Also there are a lot of flyers in my area,and if we see strange birds flying,droppers are coming out to try to lure the bird to come down.


----------



## g0ldenb0y55 (Dec 23, 2008)

Birdman79 said:


> Also there are a lot of flyers in my area,and if we see strange birds flying,droppers are coming out to try to lure the bird to come down.


That's what we did when I was growing up in the Philippines! 

Here not so much. Racing homers here are to darn smart.


----------



## Birdman79 (Aug 9, 2007)

Yeah we don't bother with the racers too slick.There's a guy that races his birds good 1/8 of a mile from us.He's got a nice 20+ bird team that routes and they'll usually fly towards who's ever's flying their birds ,mostly tumblers.

They sometimes loose birds to the racers.


----------



## MaryOfExeter (Sep 30, 2007)

Ah  I didn't know tipplers where trained that way. Mine know to eat when I call them, since the droppers are only used here on race day.


----------



## g0ldenb0y55 (Dec 23, 2008)

Birdman79 said:


> Yeah we don't bother with the racers too slick.There's a guy that races his birds good 1/8 of a mile from us.He's got a nice 20+ bird team that routes and they'll usually fly towards who's ever's flying their birds ,mostly tumblers.
> 
> They sometimes loose birds to the racers.


Lol, my birds have brought back a roller or 2 before....


----------



## pattersonk2002 (Jun 1, 2008)

*droppers*



MaryOfExeter said:


> Ah  I didn't know tipplers where trained that way. Mine know to eat when I call them, since the droppers are only used here on race day.

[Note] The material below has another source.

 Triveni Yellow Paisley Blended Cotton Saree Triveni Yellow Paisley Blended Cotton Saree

 Yes tipplers, Iranian and serbian high flyers for a few use droppers to bring there birds down and for the very reason you mentioned. I still don't see why you could not use a cloth or have a shirt floresent orange to associate with food and safty. I am going to try this. I am not comfertible with putting a bird in danger as a sitting duck, if one of my birds gets hit on the way down then so be it, I would only feel half as bad then feeding them to a hawk on purpose >Kevin


----------



## MaryOfExeter (Sep 30, 2007)

Quite a few people do flag their birds down when it's time to eat  Usually an orange or red old shirt or cloth attached to a pole that they wave around.


----------



## sreeshs (Aug 16, 2009)

MaryOfExeter said:


> Quite a few people do flag their birds down when it's time to eat  Usually an orange or red old shirt or cloth attached to a pole that they wave around.

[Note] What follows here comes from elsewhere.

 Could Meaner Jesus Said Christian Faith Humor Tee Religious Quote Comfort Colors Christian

We used an old blue t-shirt tied to a long pole as the landing signal, I think the pigeons got accustomed to the action of waving the cloth on pole, because they did follow when the color was changed to yellow. Interestingly it was the same pole which was used to wave at the lazy ones to start them flying  (by the way the blue t-shirt was not at all blue when it got changed  it was close to brown with dust)


----------